Try this problem from IIT JAM 2017 exam. It deals with evaluating Limit of a function.

Limit of a Function | IIT JAM 2017 | Problem 8


Let

    \[f(x)=\frac{x+|x|(1+x)}{x} \sin \left(\frac{1}{x}\right), \quad x \neq 0\]


Write L=\displaystyle\lim_{x \to 0^{-}} f(x) and R=\displaystyle\lim_{x \to 0^{+}} f(x) .

Then which one of the following is true?

  • L exists but R does not exist
  • L does not exist but R exists
  • Both L and R exist
  • Neither L nor R exists

Key Concepts


Real Analysis

Function

Limit

Check the Answer


Answer: L exists but R does not exists

IIT JAM 2017 , Problem 8

Try with Hints


Given that, f(x)=\frac{x+|x|(1+x)}{x} \sin \left(\frac{1}{x}\right), \quad x \neq 0

therefore,

f(x)=1+\frac{|x|}{x}(1+x) \sin \left(\frac{1}{x}\right), \quad x \neq 0

f(x)=\bigg\{\begin{array}{cc} (2+x) \sin \left(\frac{1}{x}\right),  & , x>0 \\ -x \sin \left(\frac{1}{x}\right),  & x<0  \\ \end{array}

Let, L=\displaystyle\lim_{x \to 0^{-}} f(x)

and , R= \displaystyle \lim_{x \rightarrow 0^{+}} f(x) .

Now,

L= \displaystyle\lim_{x \to 0^{-}} f(x)

\quad = \displaystyle\lim_{x \to 0^{-}}   -x \sin \left(\frac{1}{x}\right)
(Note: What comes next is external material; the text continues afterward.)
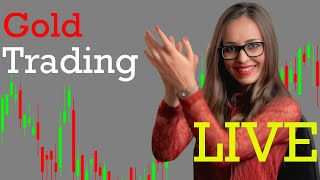 Live Gold (XAUUSD) Trading & Technical Analysis - My Gold Trading Stra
\quad = -\displaystyle\lim_{x \to 0^{-}}   x \sin \left(\frac{1}{x}\right)

Theorem : If D \subset \mathbb R and f,g : D \to \mathbb R . Let c \in D. If f is bounded on N'(c)\cup D and \displaystyle\lim_{x \to c} g(x)=0, then \displaystyle\lim_{x \to c}(f.g)(x)=0.

Now , \sin \left(\frac{1}{x}\right) is bounded in \mathbb R - \{0\} and \displaystyle\lim_{x \to 0^{-}} x=0 , then \displaystyle\lim_{x \to 0^{-}} f(x) exists and equal to 0.

But,

R=\displaystyle\lim_{x\to 0^{+}}f(x)

\quad =  \displaystyle\lim_{x\to 0^{+}}  (2+x) \sin \left(\frac{1}{x}\right),

\quad=  \displaystyle\lim_{x\to 0^{+}} 2\sin  \left(\frac{1}{x}\right) + x \sin \left(\frac{1}{x}\right)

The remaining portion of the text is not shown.